§ **How to complete this task**: Write out the records that follow exactly. Do not include pictures.

__________

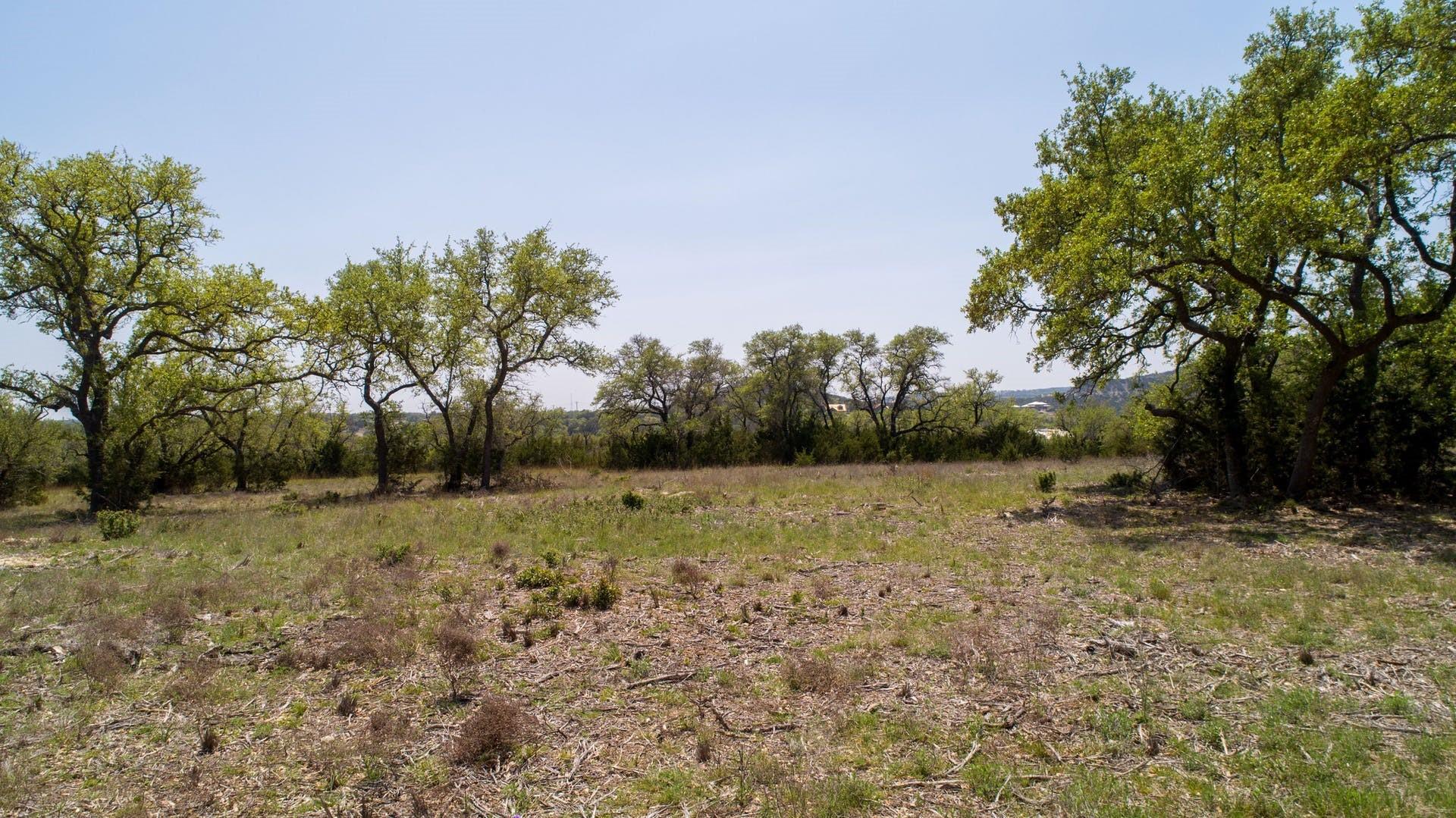 101 Bluff Ridge Trl, Blanco, TX 78606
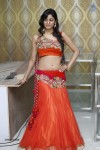 Shilpi Sharma Hot Photos - 32 of 65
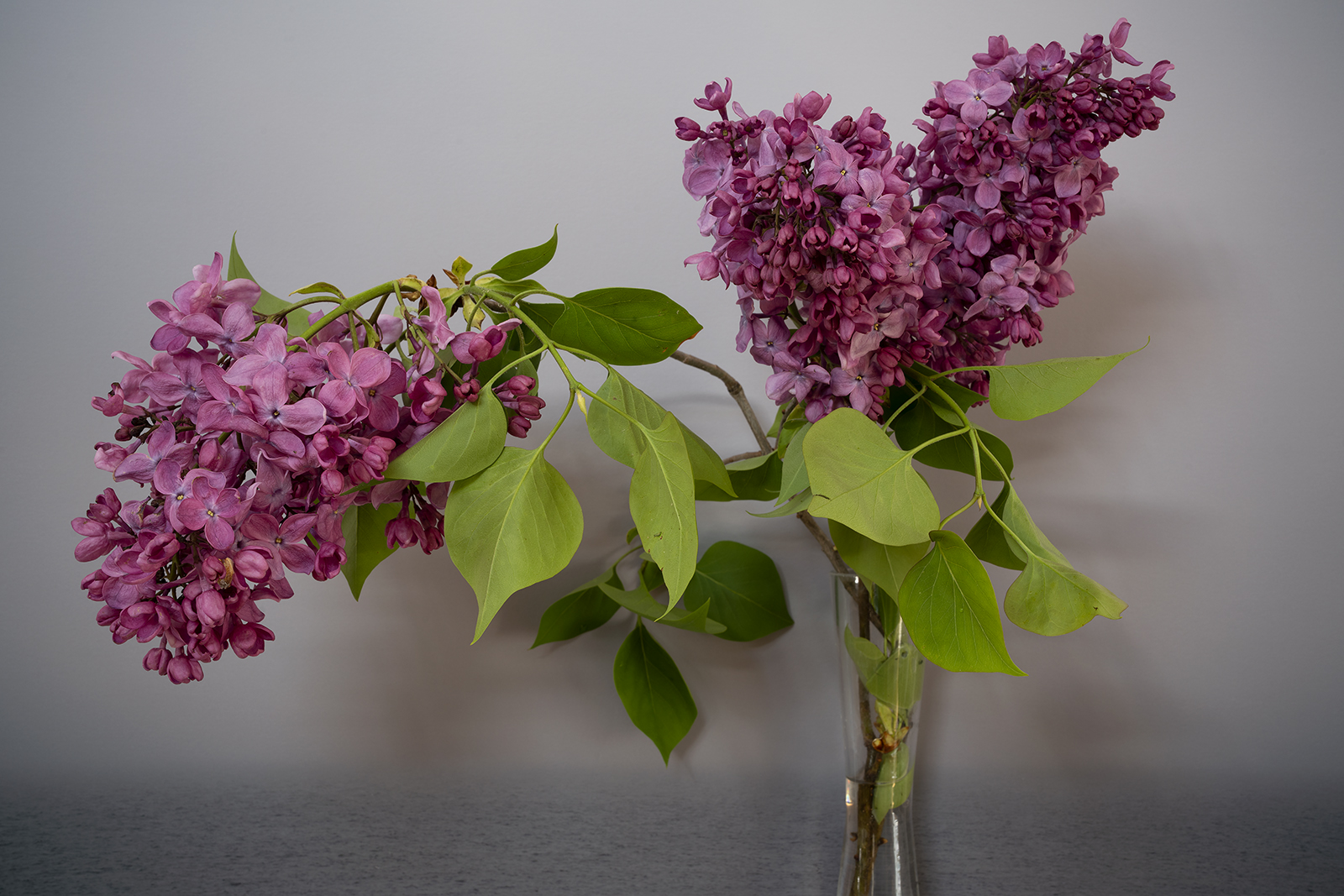 Photo of lilac flowers in vase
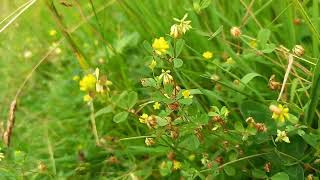 Pure Nature Magic Lesser Trefoil in 4K Glory Clattinger Farm Wiltshire [upl. by Ricardo]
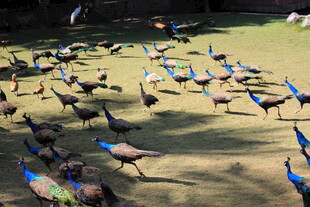 群孔雀在草地上漫步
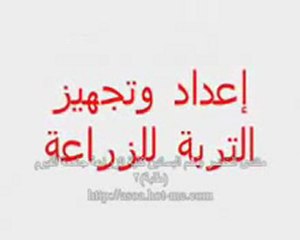 زراعة الطماطم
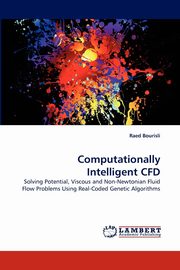 Computationally Intelligent CFD, Bourisli Raed
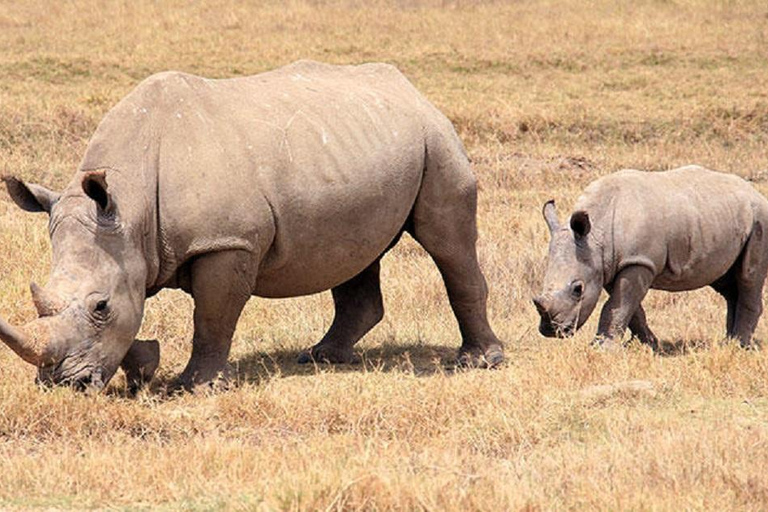 Nairobi: National Park Safari with Pickup and Game Drive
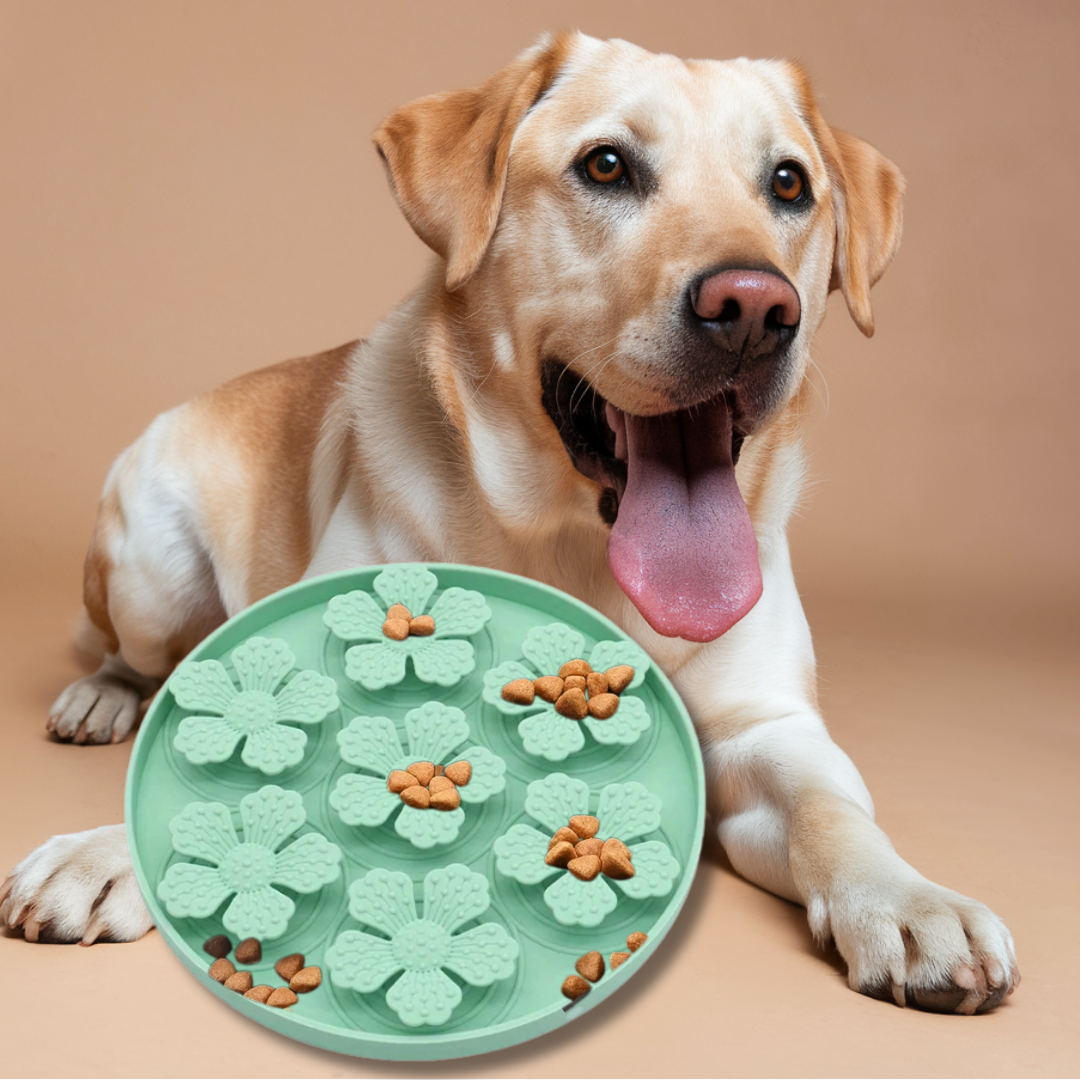 hond anti schrok bak honden hondenvoer slowfeeder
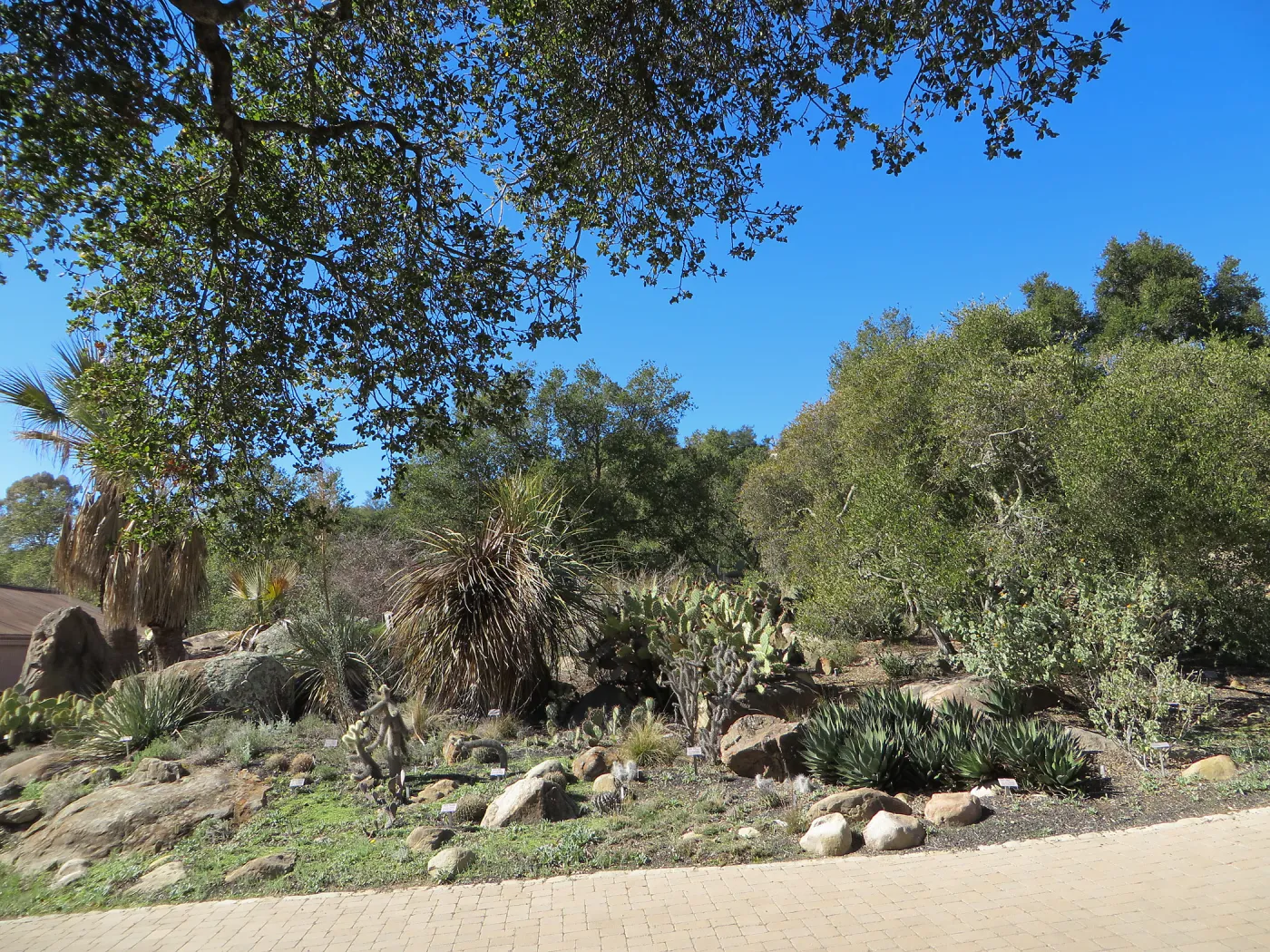 Desert Section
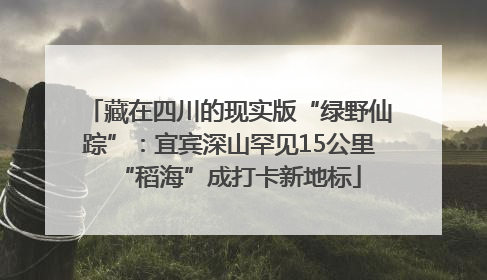 藏在四川的现实版“绿野仙踪”：宜宾深山罕见15公里“稻海”成打卡新地标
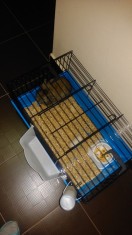 Cusca iepure de apartament foto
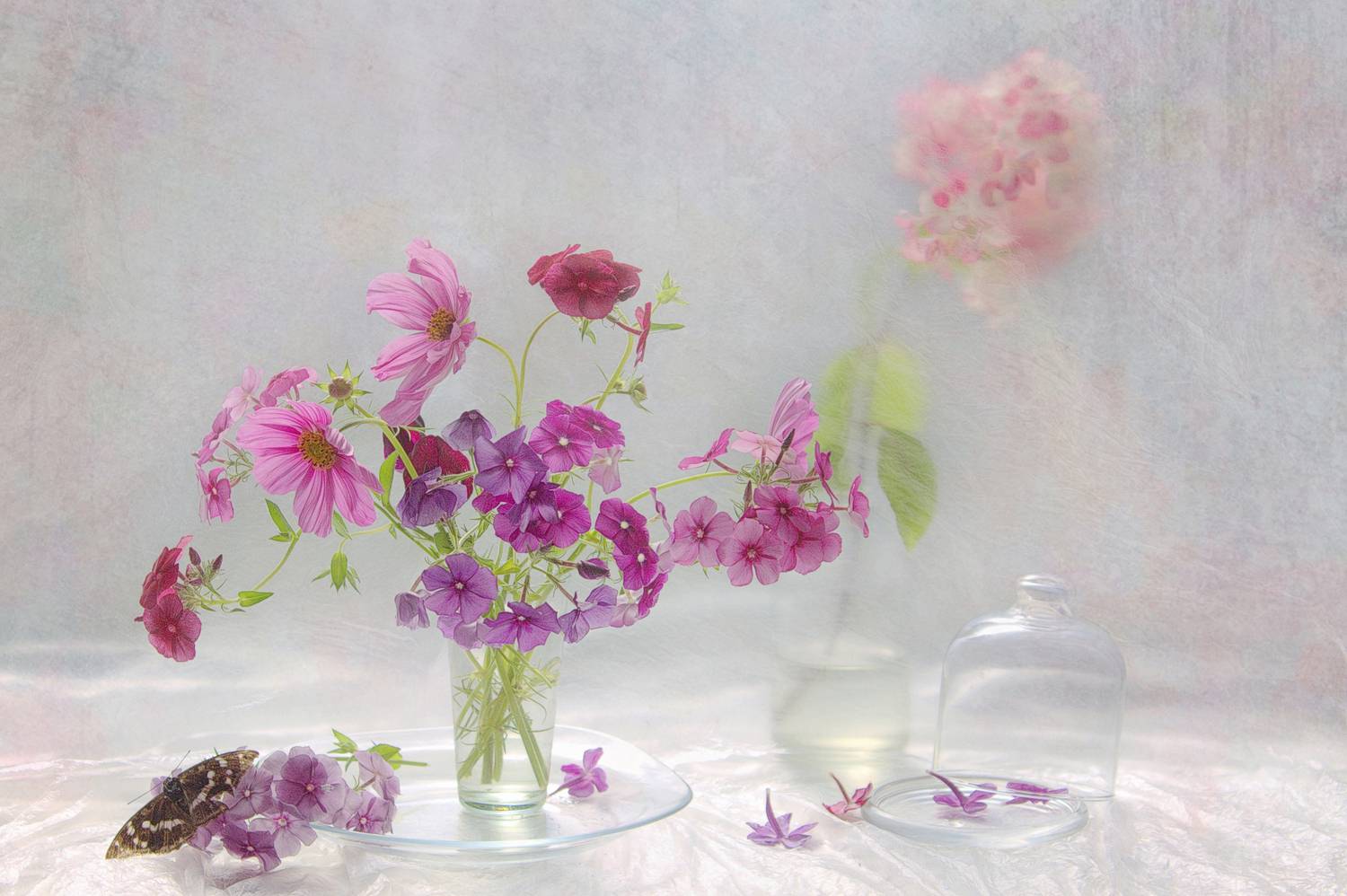 , Хохлова (Ермохина) Наталья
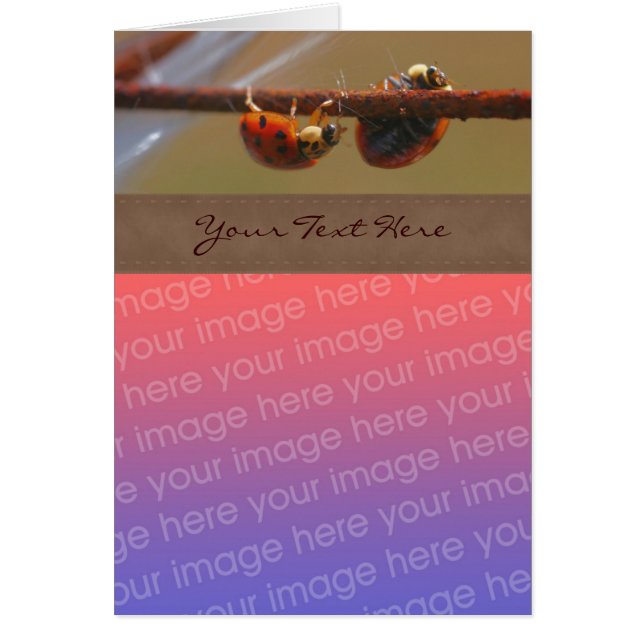 Balancing Ladybugs Natature your Photo Hälsningskort (Framsidan)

__________

§ **Solution for this problem**:
 101 Bluff Ridge Trl, Blanco, TX 78606
 Shilpi Sharma Hot Photos - 32 of 65
 Photo of lilac flowers in vase
 Pure Nature Magic Lesser Trefoil in 4K Glory Clattinger Farm Wiltshire [upl. by Ricardo]
 群孔雀在草地上漫步
 زراعة الطماطم
 Computationally Intelligent CFD, Bourisli Raed
 Nairobi: National Park Safari with Pickup and Game Drive
 hond anti schrok bak honden hondenvoer slowfeeder
 Desert Section
 藏在四川的现实版“绿野仙踪”：宜宾深山罕见15公里“稻海”成打卡新地标
 Cusca iepure de apartament foto
 , Хохлова (Ермохина) Наталья
 Balancing Ladybugs Natature your Photo Hälsningskort (Framsidan)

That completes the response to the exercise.